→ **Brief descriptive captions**
*** Block opens ***

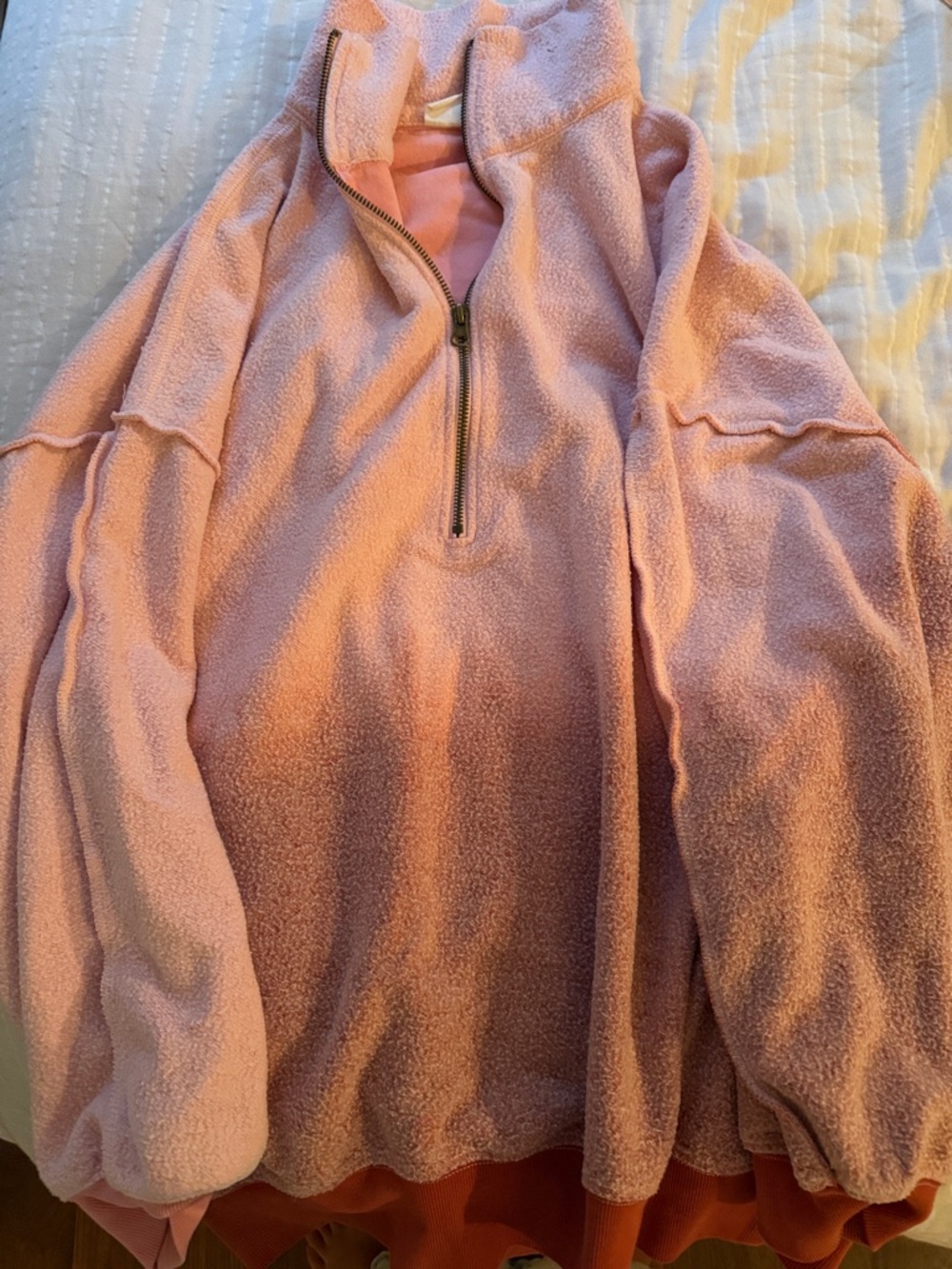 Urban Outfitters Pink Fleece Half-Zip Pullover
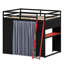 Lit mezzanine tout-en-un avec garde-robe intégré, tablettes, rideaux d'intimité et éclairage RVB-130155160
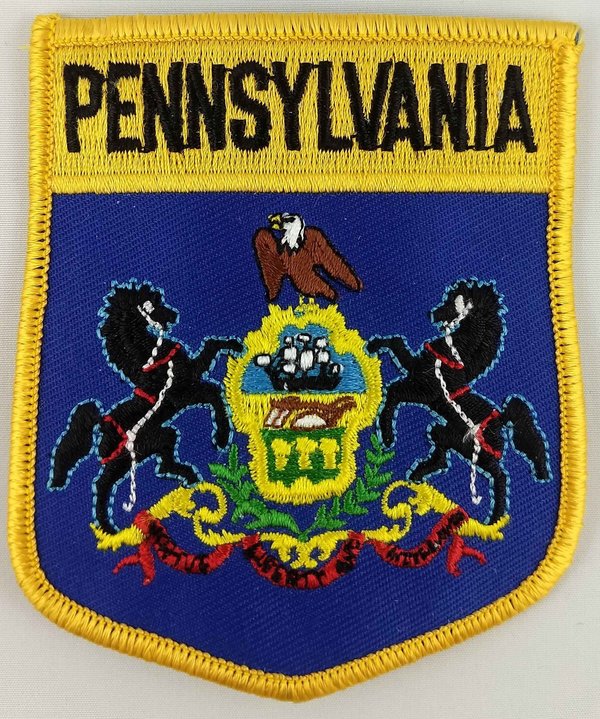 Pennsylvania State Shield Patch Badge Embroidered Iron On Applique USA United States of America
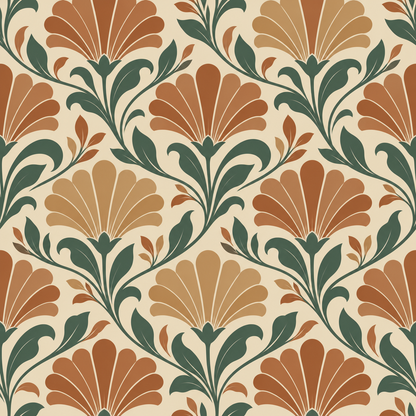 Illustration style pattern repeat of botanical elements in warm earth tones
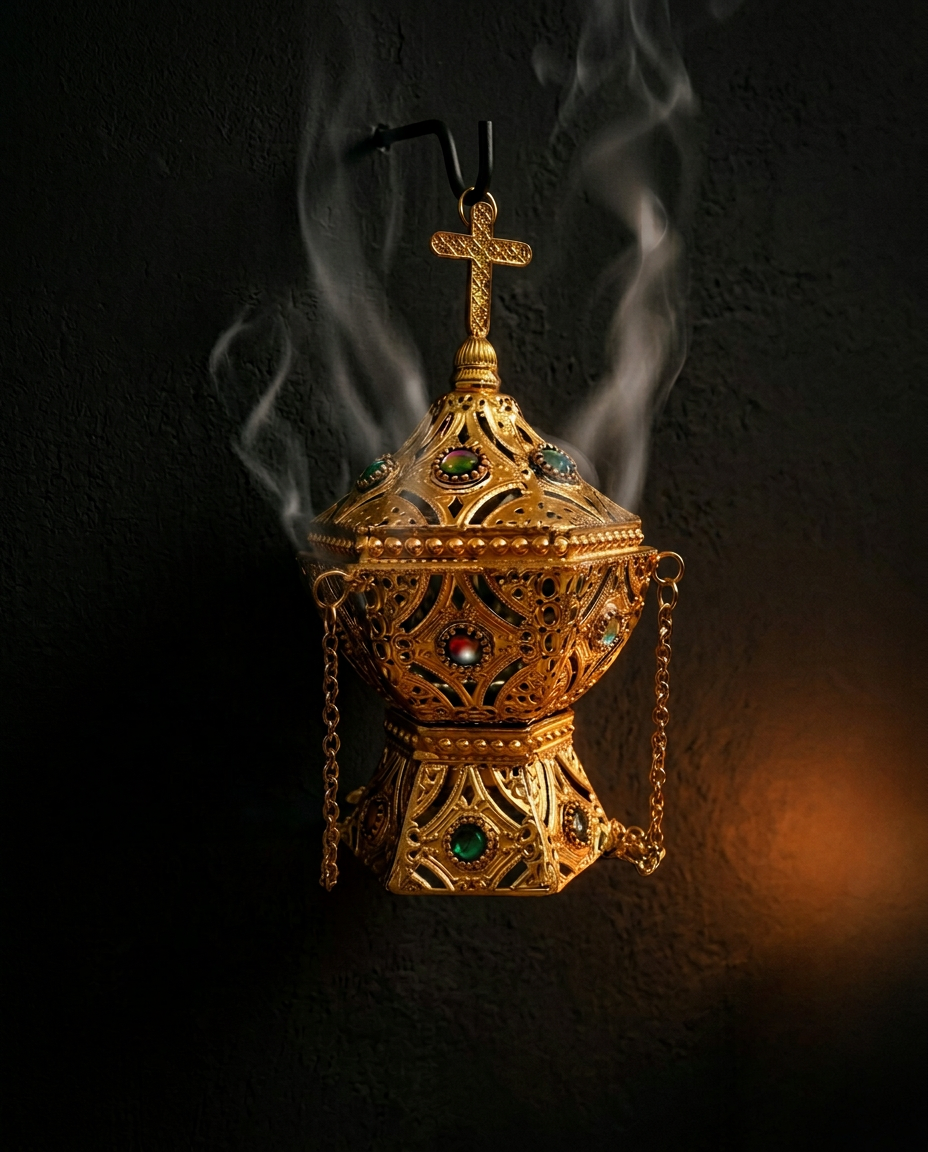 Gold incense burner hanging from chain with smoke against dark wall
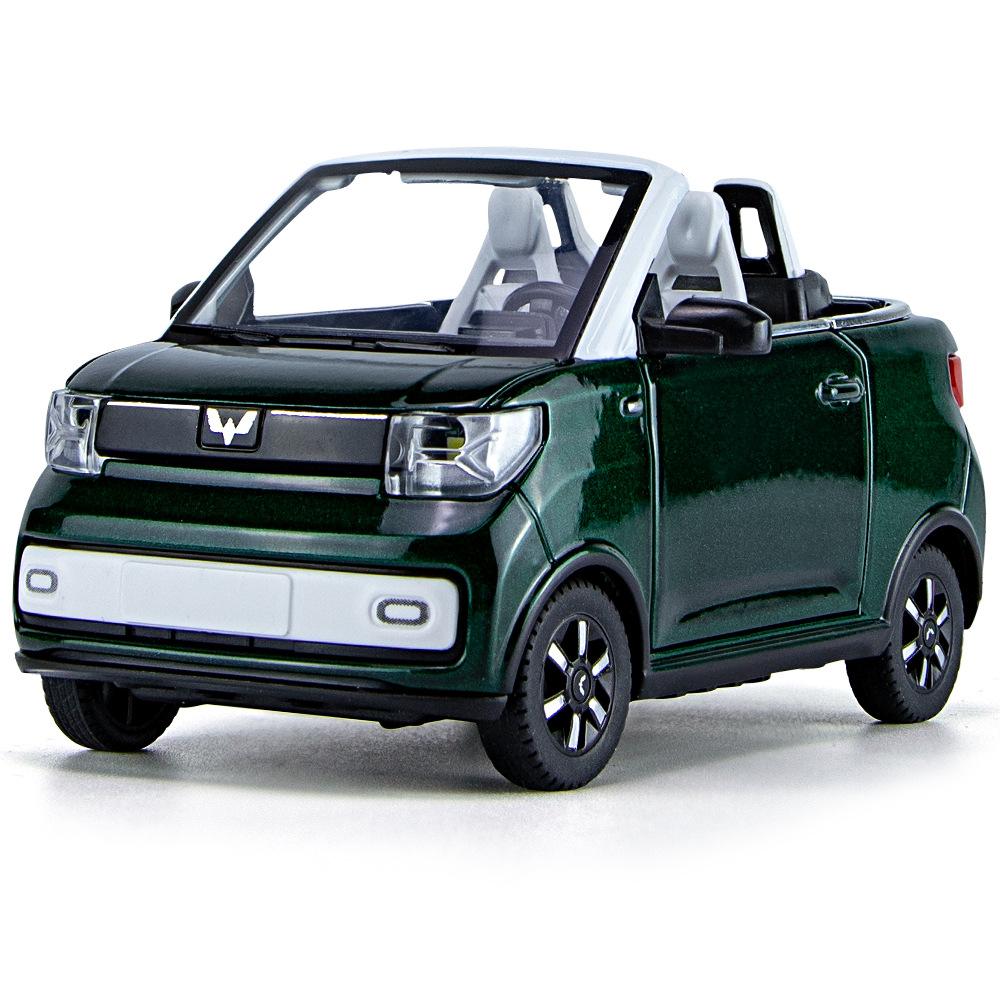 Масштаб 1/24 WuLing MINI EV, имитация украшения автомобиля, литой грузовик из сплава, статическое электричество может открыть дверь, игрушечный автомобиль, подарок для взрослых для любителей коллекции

*** Block closes ***

→ **Assignment**
Since the copy should hold text only, set down each record exactly and leave the pictures out.

→ **Worked solution**
 Urban Outfitters Pink Fleece Half-Zip Pullover
 Lit mezzanine tout-en-un avec garde-robe intégré, tablettes, rideaux d'intimité et éclairage RVB-130155160
 Pennsylvania State Shield Patch Badge Embroidered Iron On Applique USA United States of America
 Illustration style pattern repeat of botanical elements in warm earth tones
 Gold incense burner hanging from chain with smoke against dark wall
 Масштаб 1/24 WuLing MINI EV, имитация украшения автомобиля, литой грузовик из сплава, статическое электричество может открыть дверь, игрушечный автомобиль, подарок для взрослых для любителей коллекции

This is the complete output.